The Art of Negative Positioning
One of Adam’s most powerful insights came from his previous company experience: sometimes defining what you don’t do is more important than explaining what you do.
“I used to make this joke at my previous company that I sold more work telling people what I didn’t do versus what we did do,” he shares. “Being able to articulate well, like, so we’re not an ASPM, we’re not doing these particular types of things is part of standing out.”
In the crowded security market with thousands of vendors, this negative positioning helps prospects quickly understand Staris AI’s unique value proposition without getting lost in feature comparisons.
Founder-Led Growth and Timing
Despite having venture funding, Adam made a strategic decision to delay broad marketing efforts. Instead, Staris AI operates entirely through founder-led sales, leveraging Adam’s 25 years of industry relationships.
“We’re going back to a lot of our people we had talked to initially when we started the company, as well as some old customers and colleagues and friends to be able to say, hey, let’s do some proof of concepts. Let’s show you how it works. Let’s get your feedback. Make the product better and better.”
This approach reflects a disciplined focus on product-market fit before scaling. “We’ve been really laser-like focused on building a great product, getting a good story for our customers, understanding what truly provides them value before we kind of went out and mass broadcasted that message,” Adam explains.
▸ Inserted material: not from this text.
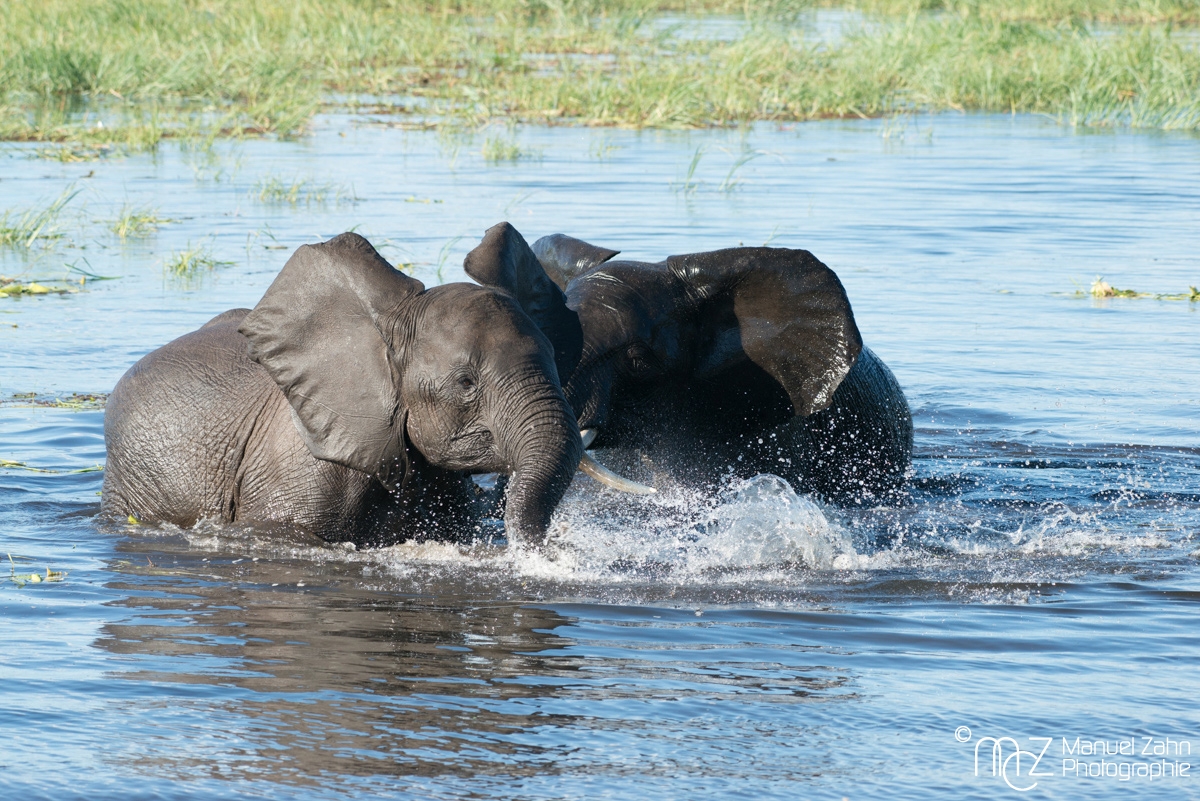 African-bush-elephant-07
The company plans to expand their go-to-market efforts in Q4, only after establishing strong customer validation and product refinement.
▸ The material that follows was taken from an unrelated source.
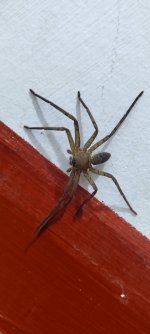 pantropical_huntsman_spider.jpg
Building for the Long Term
Perhaps most importantly, Adam emphasized the critical importance of early team alignment—a lesson learned from previous ventures.
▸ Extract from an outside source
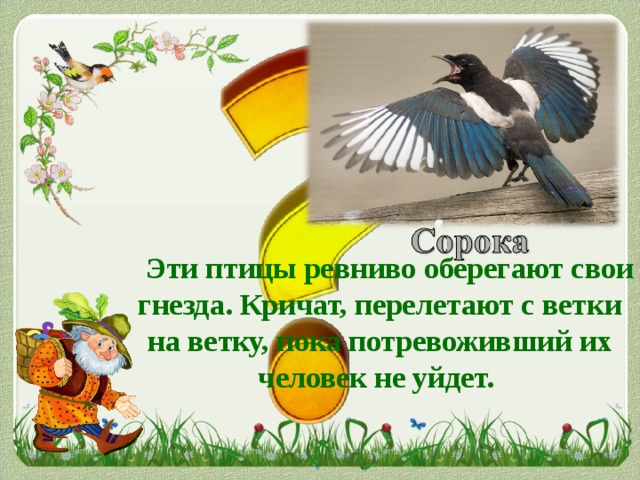 Эти птицы ревниво оберегают свои гнезда. Кричат, перелетают с ветки на ветку, пока потревоживший их человек не уйдет.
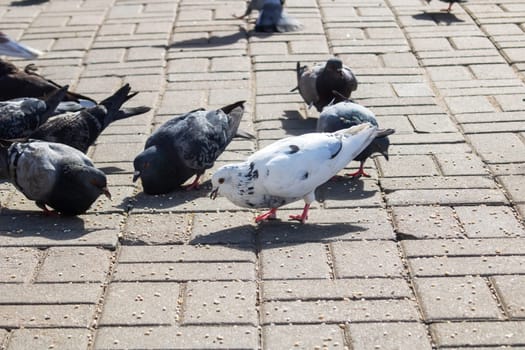 Pigeons eating grain on the sidewalk close up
“One of the biggest ones was really coming in and having that core team that you wanted to go on a decade or more long adventure with and really understanding that you’re getting on the same page from the very first day about what this company is going to be, what scale you want the company to be, what journey you want to take and what paths you want to take.”
This foundation enables Staris AI to pursue their ambitious long-term vision: creating an immune system for applications on the internet.
The Immune System Vision
Looking ahead, Adam envisions a future where security becomes invisible to developers and organizations. “The big picture vision is we create that immune system,” he explains. “We say, hey, go build this awesome thing and put it on the capital I Internet. And Staris will review it, make it the best version it can from a security perspective and keep it safe so you can go build the next thing and the next thing and the next thing.”
This vision extends beyond traditional applications to encompass the full spectrum of internet-connected devices and systems. “We envision a version of Staris for your cell phone, for your applications, for your battleship, whatever that might be,” Adam says.
Lessons for B2B Founders
Staris AI’s journey offers several key insights for venture-backed B2B founders. Extensive customer discovery can reveal market needs that differ dramatically from initial assumptions. Sometimes the biggest opportunity lies not in creating new solutions, but in making existing problems smaller and more manageable.
The power of negative positioning in crowded markets cannot be understated—clearly articulating what you don’t do helps prospects understand your unique value faster than lengthy feature explanations.
Finally, the discipline to delay marketing expansion until achieving strong product-market fit, even with venture funding available, demonstrates the importance of building solid foundations before scaling.
As AI continues to reshape how software gets built and security threats evolve, companies like Staris AI are positioning themselves at the intersection of these massive technological shifts, ready to solve problems that will only grow more critical in the years ahead.